Thank you for your insightful comment. 
Does the name of your employer start with "R" by any chance ?


----------



## musicchambernet (Jul 9, 2013)

Yes, you can use public transport for your travel and many people use it in Dubai. In the meantime you can also prepare yourself to get a car, if you feel uncomfortable in public transport.


----------



## FlexRay (Feb 12, 2013)

Everybodies needs are different but for me you need a car in Dubai

Although if you are not a confident driver Dubai would be a hard place to get used to esspecially SZR.

On the plus side Taxi's are cheap

Craig


----------



## Tropicana (Apr 29, 2010)

Taxis are not cheap for most office employees, unless they live within 5-6 km of their workplace

I took a taxi from near the Bin Batuta Mall to pick up my car from a garage in Qusais*, the fare was 120 Dhs. 

This is a route I guess many workers in Jebel Ali take and using a taxi for their commute would mean 6000 dhs in taxi fare every month. 

* traffic in Dubai is really bad in the evening, this route took me 2 hours !


----------



## looper (Apr 30, 2013)

also many areas of the city are not covered by taxis or public transport. Calling a cab and hoping for it to come within 30 minutes is not a decent option. For me a car is a necessity in Dubai!


----------



## Richard1983 (May 31, 2013)

I have recently moved from London myself, in London its fine with no car public transport is good and climate is ok for walking.

In Dubai yes taxis are cheap but readily available at peak times? NO every day I wait at least 30mins to get one, standing outside is not pleasant at this time of the year. Second issue shopping... I am really considering buying a wheel barrow, as it is a challenge.

The metro can get very busy and lots of sweaty people crushed together is not my idea of fun. On top of that unless you live within say 300 meters of the aircon'd station you will be so sweaty you will need a shower when you get to work.

Overall it’s what you are prepared to pay for convenience.

Got my licence transferred from a UK so a car will be on its way as soon as next payday comes.


----------



## noskich (Aug 24, 2013)

And by the way, seems like Dubai cannot really compete for resources on a global scale with Australia and say Singapore.
Head of PMO on a contract in a bank in Australia would get at the very least double the amount mentioned above. Even with taking taxes into account this is by far a better deal than Dubai.


----------



## mikeyhavoc (Sep 11, 2013)

Hi DHJB. Try and get some time in behind the wheel before you come so you at least feel some sense of comfort in the driving seat. Over here you'll be dealing with the additional challenge of driving in right hand lane compounded with driving behaviour that often defies the realm of common sense.


----------



## crt454 (Sep 3, 2012)

interesting, many people got good jobs but have bad grammar skills. Blame it on the hr people i guess.


----------



## Mr Rossi (May 16, 2009)

crt454 said:


> interesting, many people got good jobs but have bad grammar skills. Blame it on the hr people i guess.

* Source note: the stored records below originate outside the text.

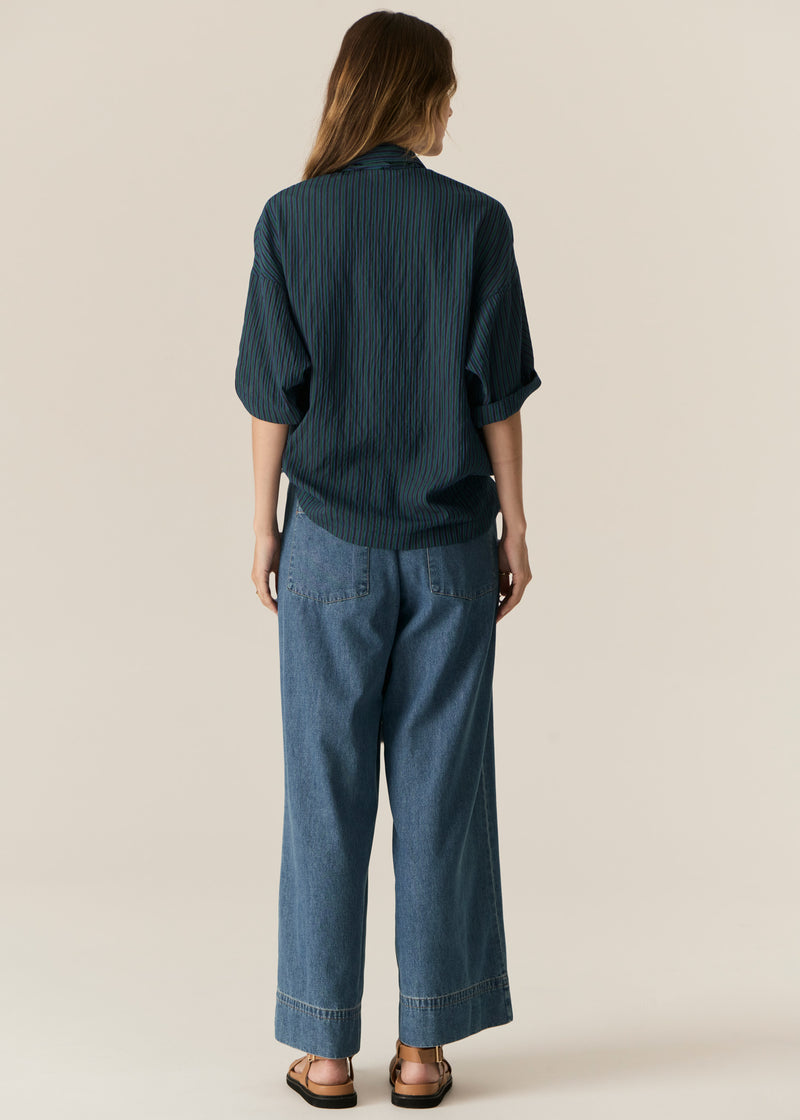 Made from a Linen and Cotton blend, the POL Sela Multi Striped Knit is back in a new colourway for Spring! This is the perfect lightweight, long-sleeved piece for layering in transseasonal weather.
-Round ribbed neckline - striped detailing.
-Raglan sleeves.
-Full length sleeves - ribbed cuffs.
-Classic fit - designed to sit close to the body.
-Ribbed hem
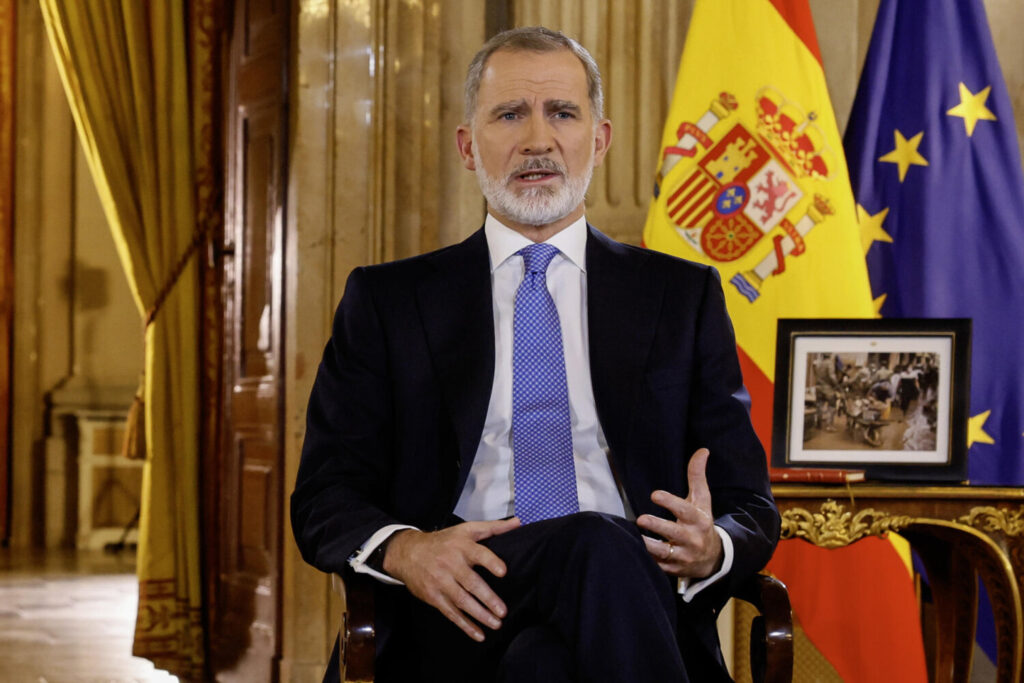 El rey Felipe VI ofrece esta noche el tradicional discurso de Navidad, en un año marcado por la dana. MADRID, 24/12/2024.- Felipe VI en su tradicional mensaje de Navidad, grabado en el Salón de Columnas del Palacio Real. EFE/ Ballesteros   POOL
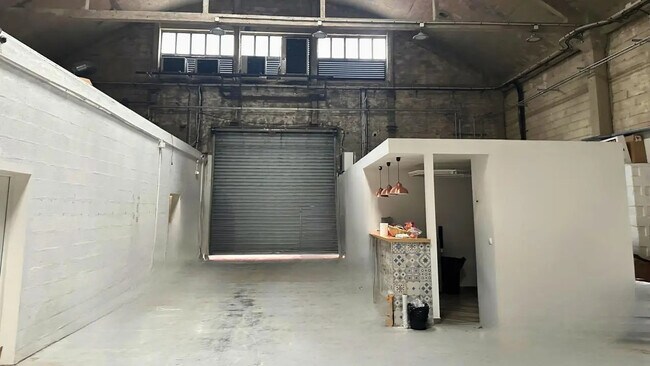 Plus de détails pour 45 Avenue Victor Hugo, Aubervilliers - Local d'activités à louer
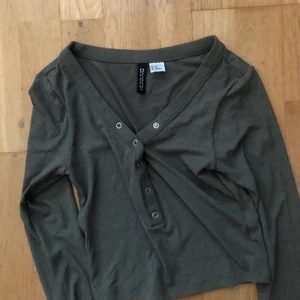 Tröja men knappar  - Fint skick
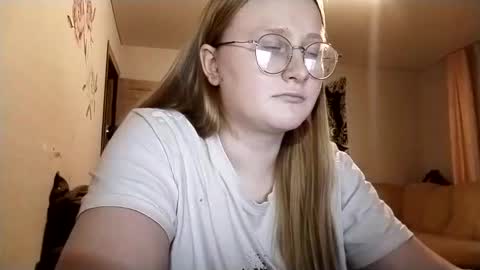 Anika online show from October 7, 1:34 am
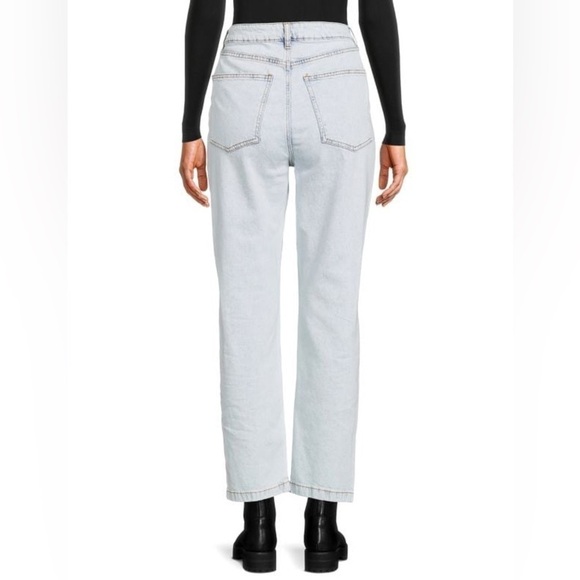 WEWOREWHAT
High-Rise Curvy Cropped Straight Leg Jeans 27 - Picture 2 of 5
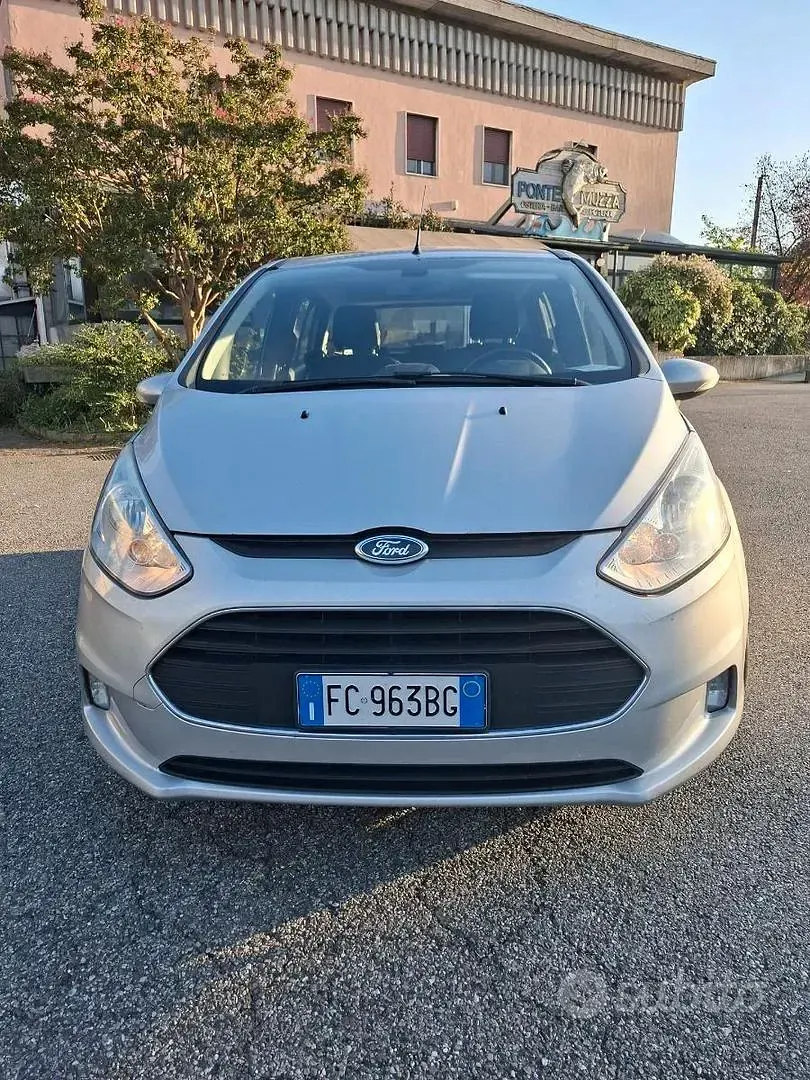Usata Ford B-MAX 90 CV (66 kW) 2016 Grigio Monovolume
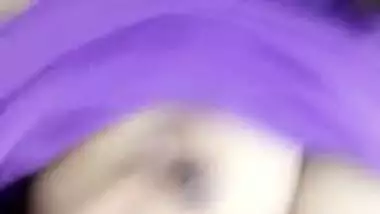 Teen Indian pulls her violet T-shirt up and shows off XXX boobs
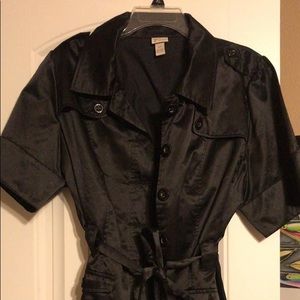 Super cute satin material Lane Bryant Venezia brand shirt sleeve jacket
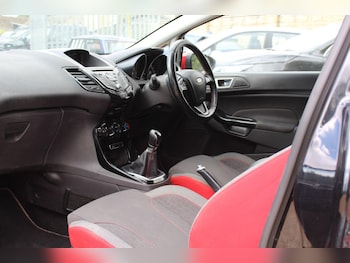 Used Ford Fiesta 2015 for sale - 79337321: Photo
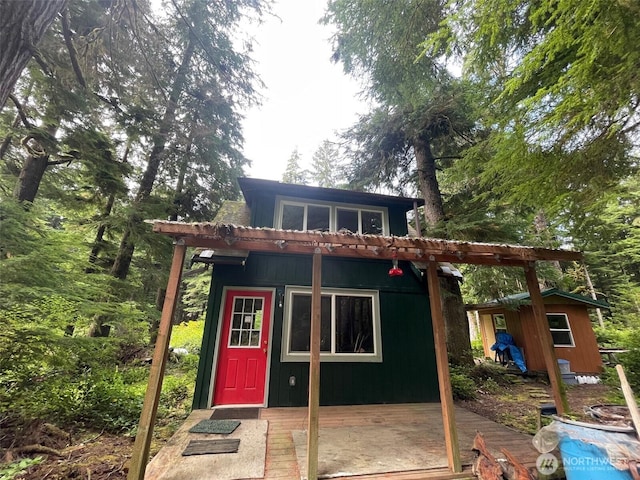 view of outbuilding with an outbuilding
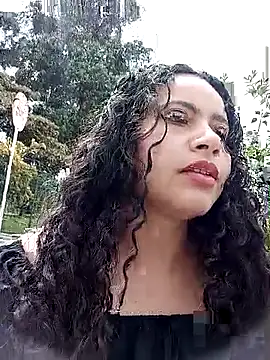 Snapshot of Yaya_watson chatting on September 16, 2025, 6:53 pm Yaya watson online show from September 16, 2025, 6:53 pm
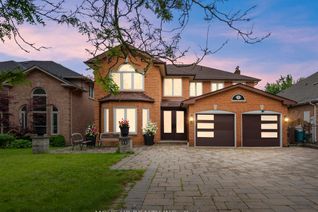 Detached House for Sale, 21 Gaby Ct, Richmond Hill, ON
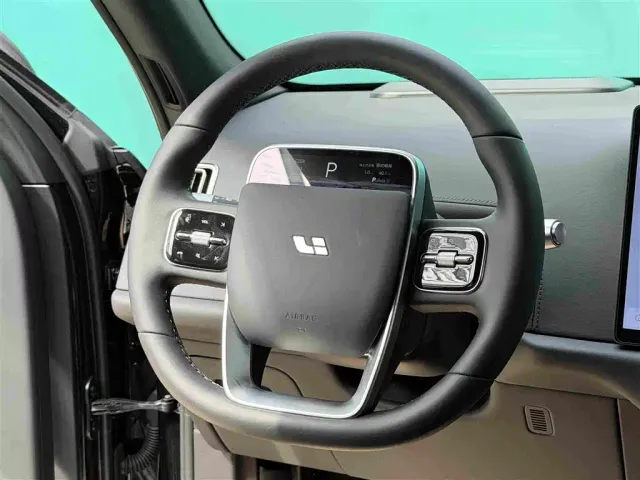 Li Auto L7 — Фото автомобиля 8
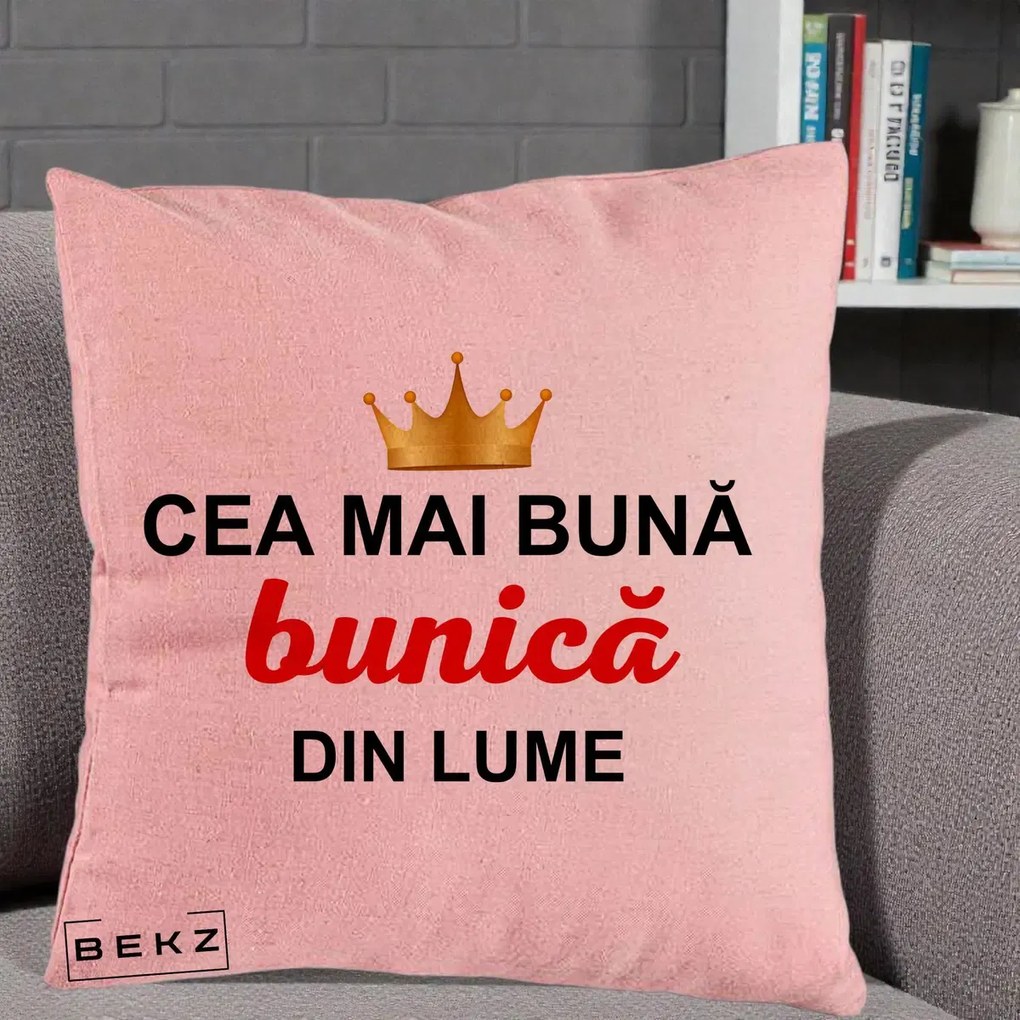 Cadou pentru Bunica - Perna Personalizata Cea Mai Buna Bunica Din Lume Coroana Aurie, 40x40 cm, Roz, Husa Detasabila, Perna Inclusa, BEKZ®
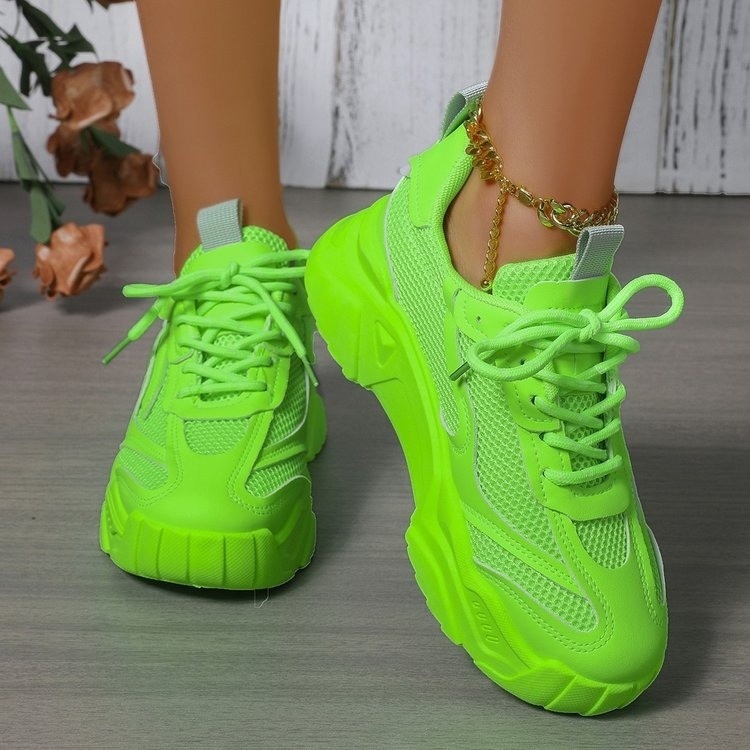 Tarpvalstybinė užsienio prekyba, pavasario ir vasaros mada, tinkliniai batai, laisvalaikio batai, saldainių spalvos, kvėpuojantys, storapadžiai, padidinto dydžio sportbačiai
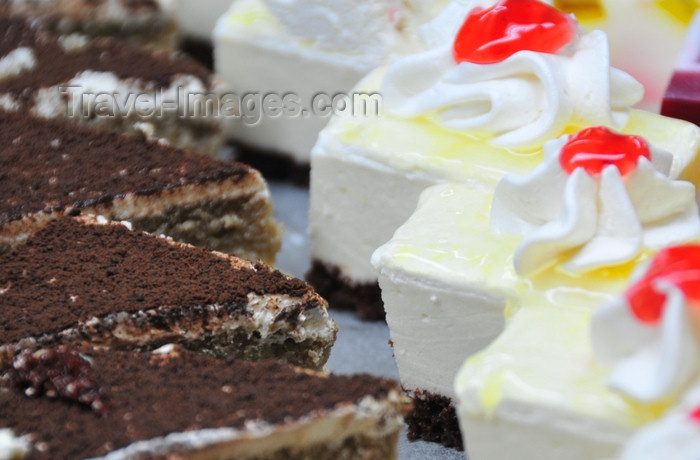 dominican329: Río San Juan, María Trinidad Sánchez province, Dominican republic: slices of tiramisu and meringue cake - photo by M.Torres - (c) Travel-Images.com - Stock Photography agency - Image Bank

*i*nteresting, many people *got* good jobs but *have* bad grammar skills. *** Blame it on the *hr* people i guess.

Capital "I" at the start of a sentence

Many people "have" good jobs, then no need for what would be a second "have"

* Missing an "I", you're blaming, not instructing the reader to assign blame.

HR is an abbreviation so should be capitalised.

Personally, septics and their lack of irony is a larger failing.


----------



## mehranR (Jul 27, 2013)

Mr Rossi said:


> interesting, many people got good jobs but have bad grammar skills. * Blame it on the hr people i guess.
> 
> Capital "I" at the start of a sentence
> 
> ...


Now that's funny.


----------



## crt454 (Sep 3, 2012)

I posted It with grammer errors intentionally,just to see which smart ass replies the quickest


----------



## Mr Rossi (May 16, 2009)

Of course you did, I knew that too. 

I was simply being Eric to your Ernie.


----------



## Felixtoo2 (Jan 16, 2009)

Did you mean grammar or were you being ironic lol?


----------



## fcjb1970 (Apr 30, 2010)

crt454 said:


> I posted It with grammer errors intentionally,just to see which smart ass replies the quickest


I guess that explains the errors in this sentence also.


----------